Mas de que adianta mais eu alegar que não sou culpado? O que posso é reafirmar que estou pronto a responder em qualquer foro às acusações que me fazem. Não vou, porém, me sujeitar à execração pública por ser um membro da Câmara dos Deputados e estar sujeito a pressões políticas. Esta sanha não quer que prevaleça a ponderação da Justiça, mas, sim, ver, pendurado e balançando no cadafalso, o corpo de alguém exemplado para satisfazer os mais baixos apetites em ano de eleição.
Minhas forças já se exaurem, com sério risco para a minha saúde e para a integridade de minha família. Não aceito que o meu nome continue sendo enxovalhado, que meus eleitores sejam vítimas, como eu, de mais decepções, e que sejam atingidos o meu amado estado de Minas Gerais e o meu partido, o PSDB.

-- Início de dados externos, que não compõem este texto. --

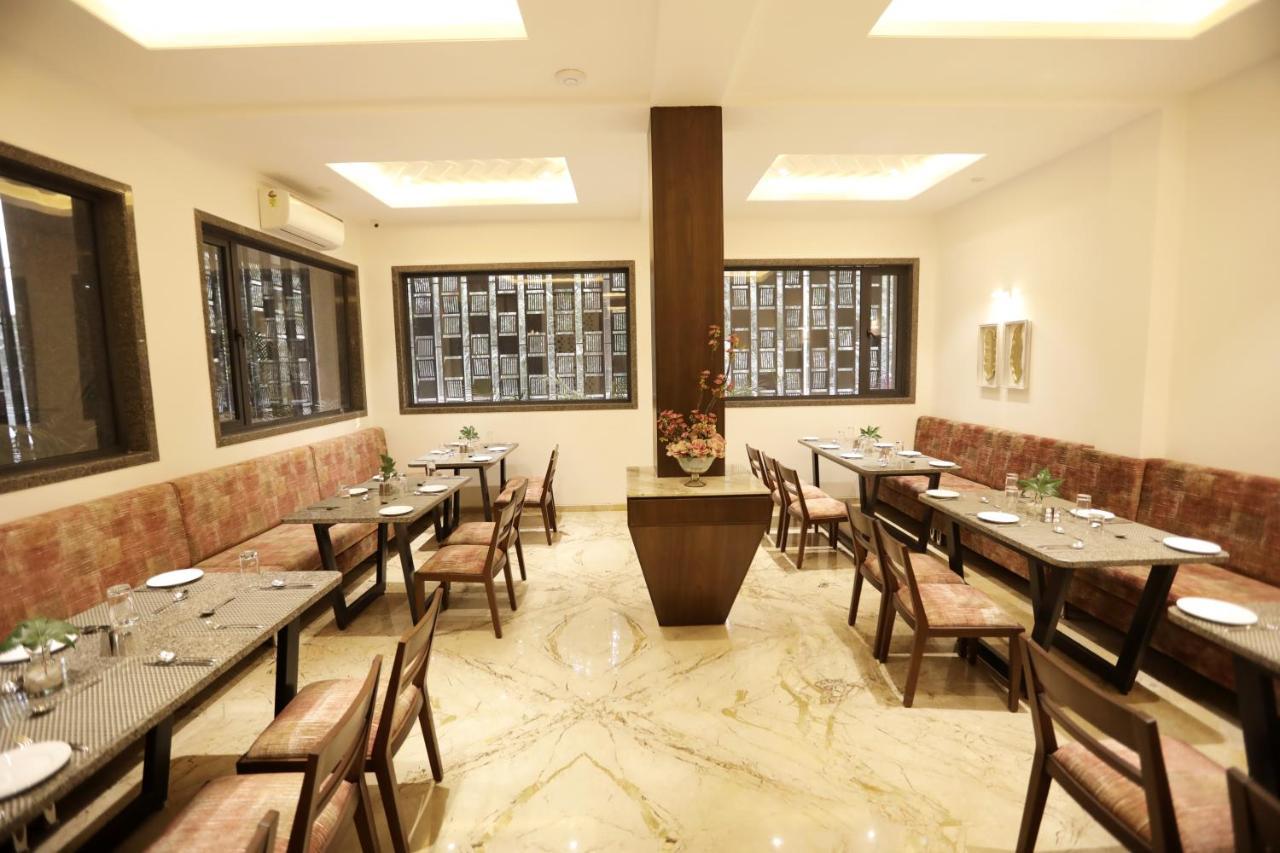 ศรยา เรซิเดนซี กุหลาบพาฆะ Hotel อุเดเปอร์ ภายนอก รูปภาพ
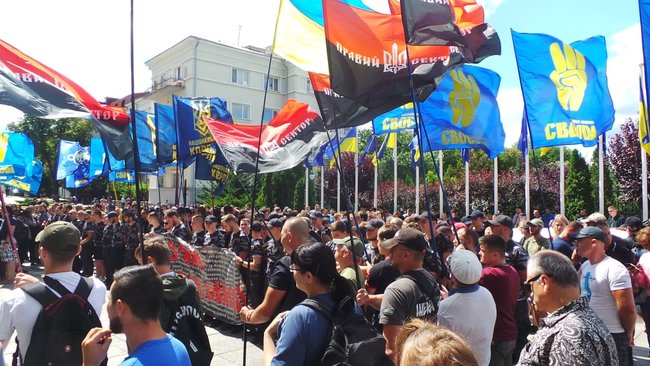 Поговори з тими, кого ти вбив, х#йло!: националисты пикетируют ОП с требованием ареста российской агентуры в Украине и перекрытия границы с РФ 02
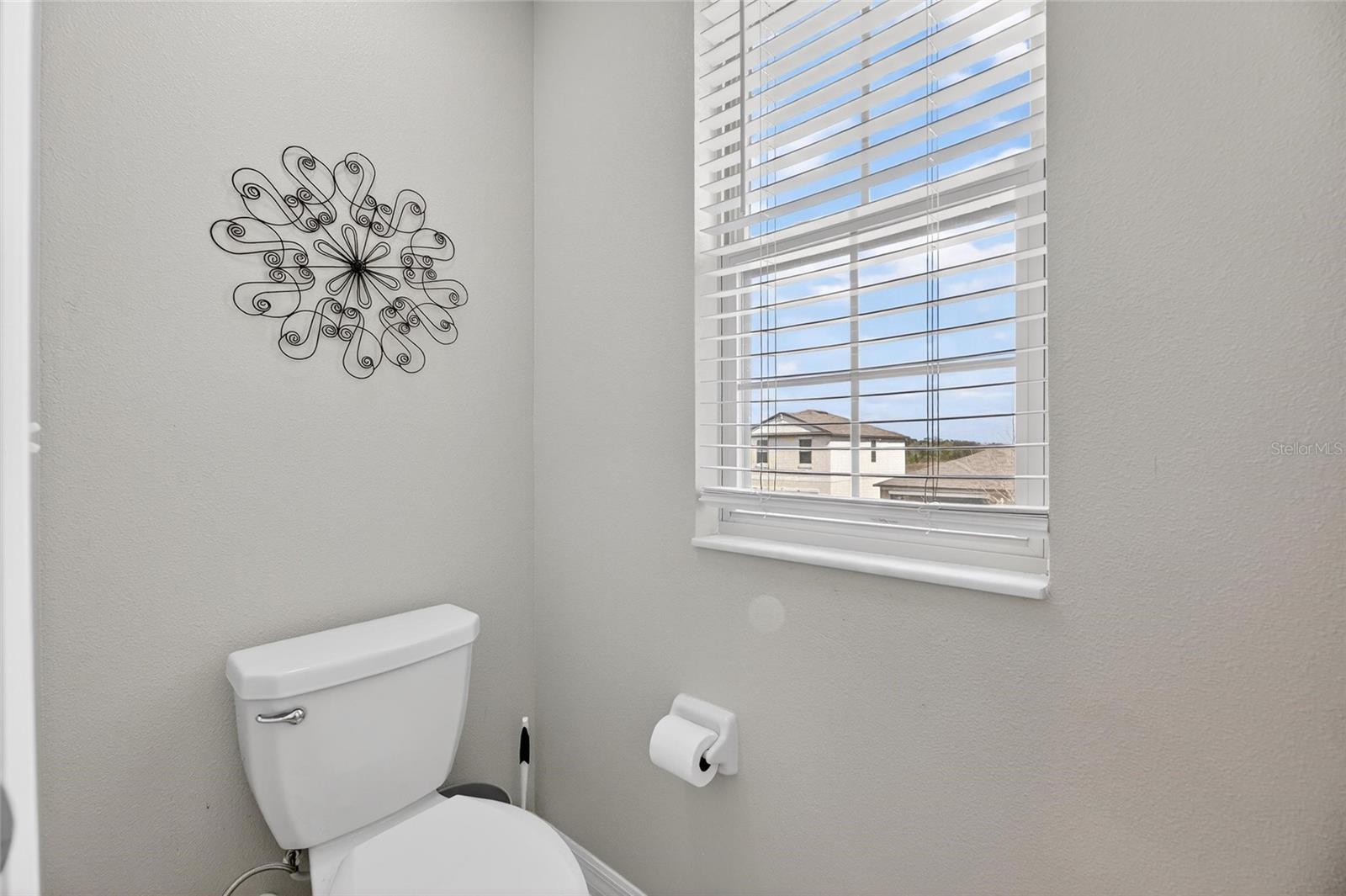 16791 Delia St Property Photo 36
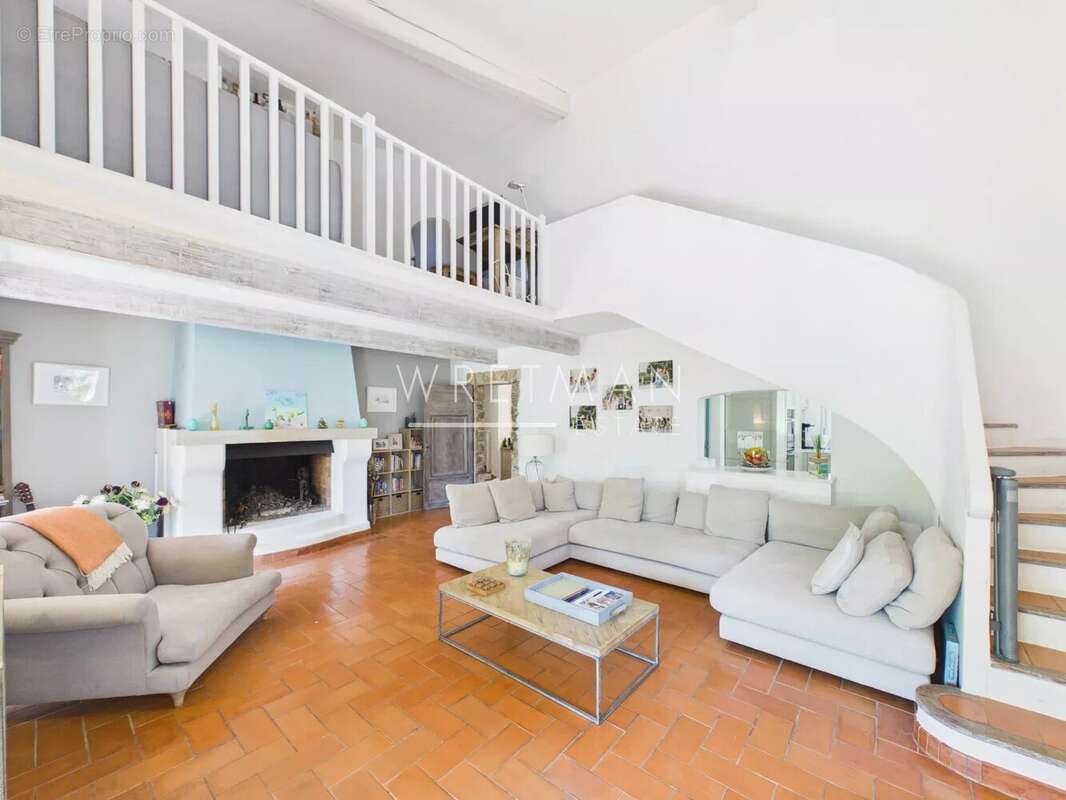 Villa rénovée avec piscine - Callian - photo 10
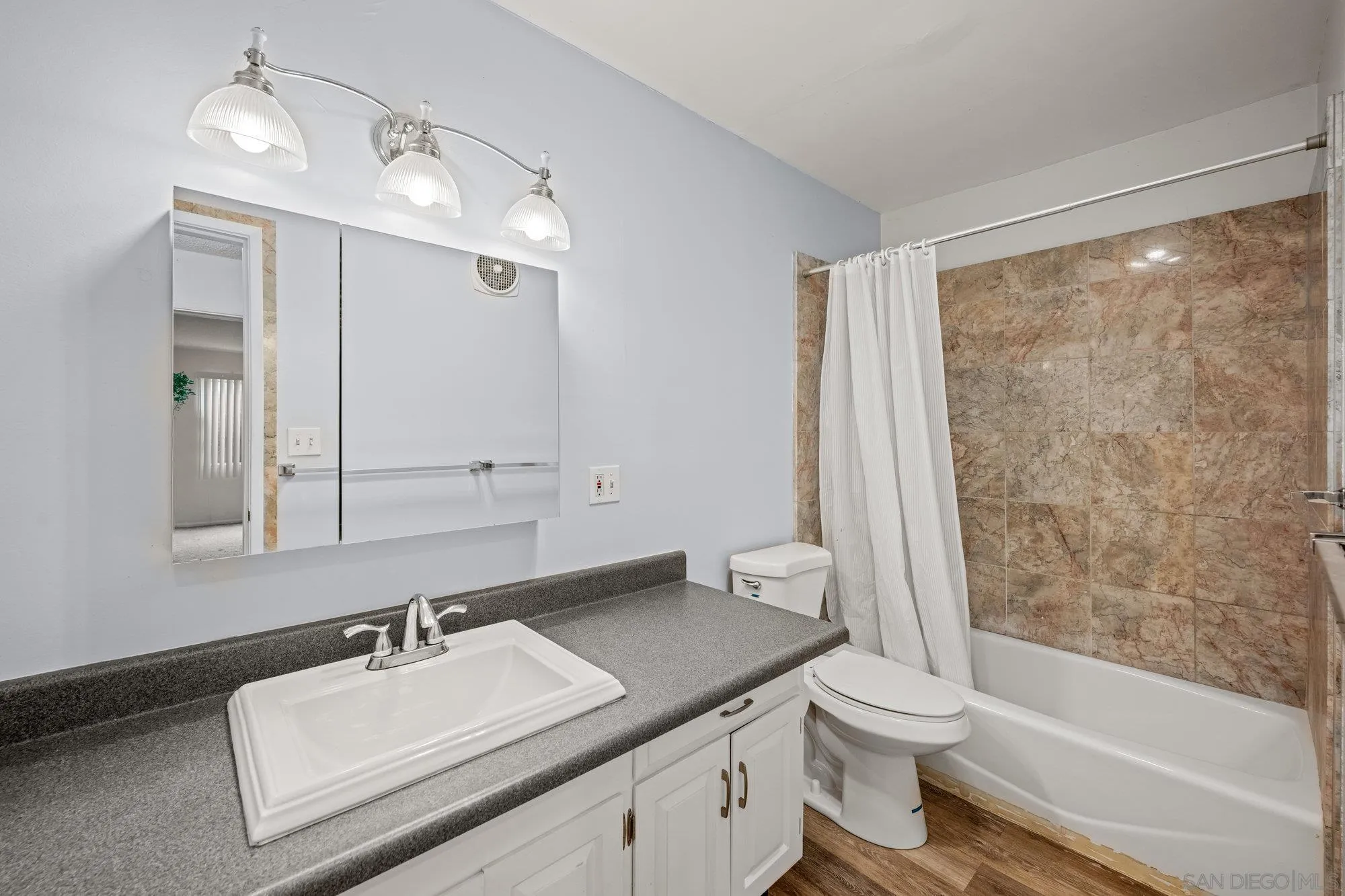 https://cdn.realtyfeed.com/cdn/127/250042055/98dfe9e7ad0fce4a6a690f11778cc1c6.webp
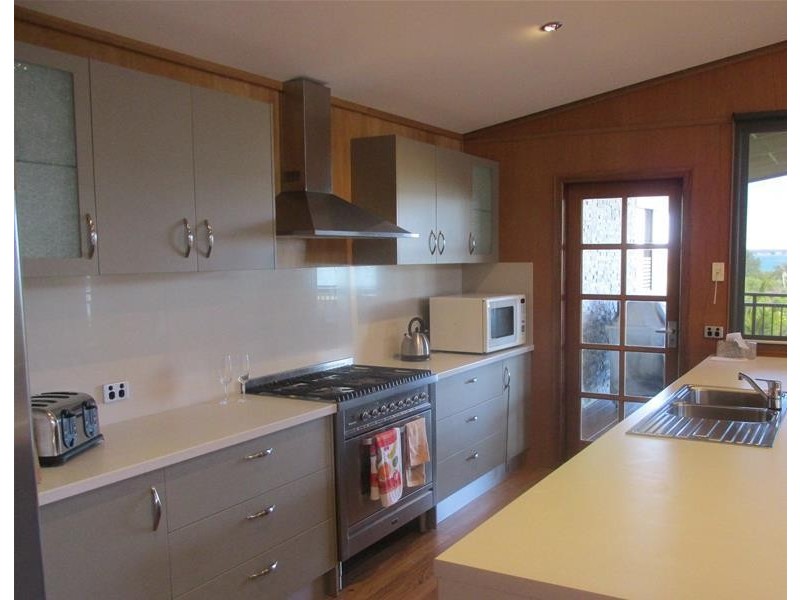 85 Coondooroopa Drive, Macleay Island QLD 4184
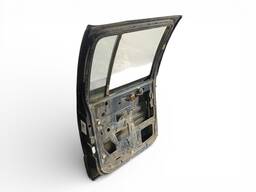 PORTA TRASEIRA ESQUERDA S10 2001 A 2010 DETALHE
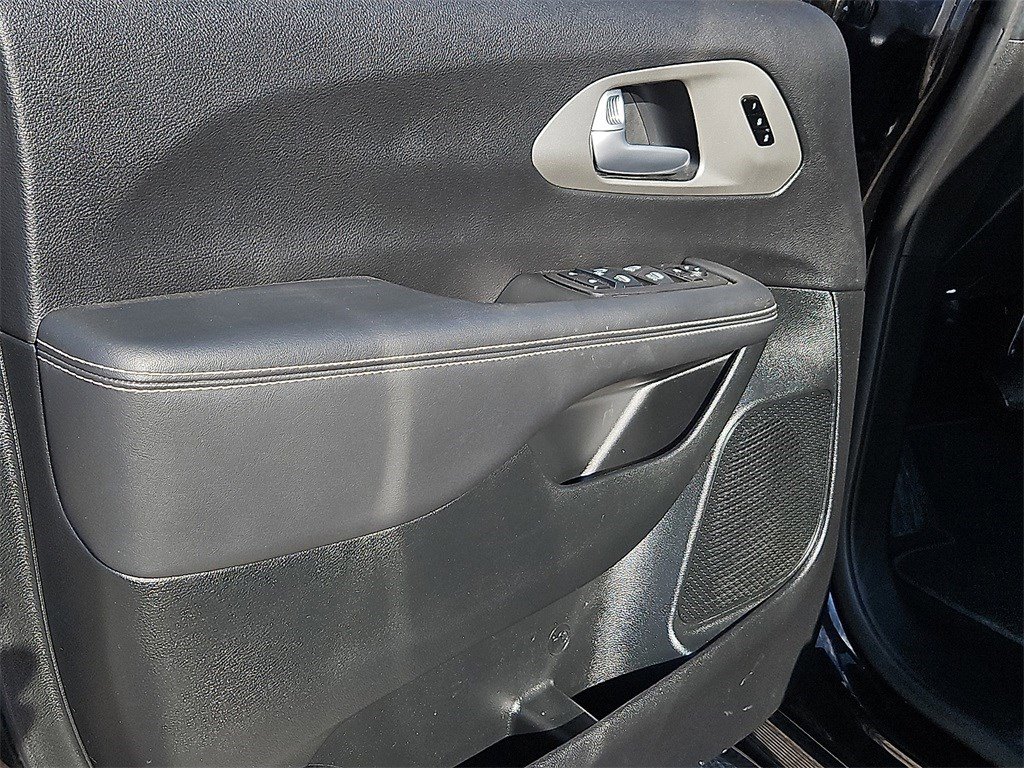 Used 2024 Chrysler Pacifica Limited w/ S Appearance Package image 20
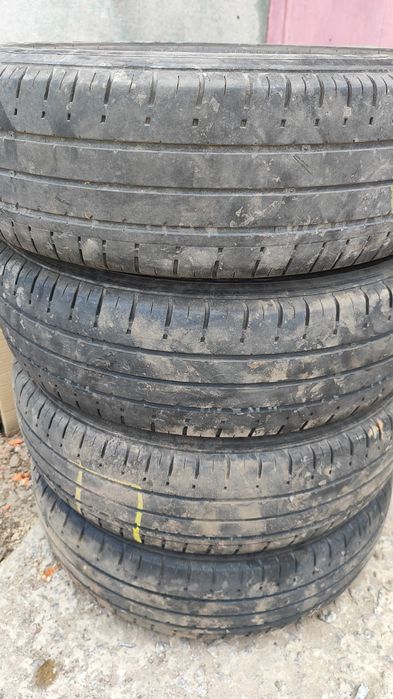 Продам резину с дисками на шкоду фабиа лето 175/70 r14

Assim, comunico a esta Casa do Congresso Nacional e à opinião pública que, neste ato, renuncio ao mandato de deputado federal que me foi conferido por milhares de eleitores mineiros. Deixo o Parlamento para dedicar todos os meus dias à defesa de minha honra e de minha liberdade.
Sem o mandato público, aguardarei o meu julgamento, certo de que, na serenidade que deve presidir os veredictos, fique definitivamente comprovado que não tenho culpa pelas acusações que sofri.
Peço, Senhor Presidente, que esta comunicação seja lida em Plenário, inscrita nos Anais desta Câmara e publicado.

Brasília, DF, 19 de fevereiro de 2014.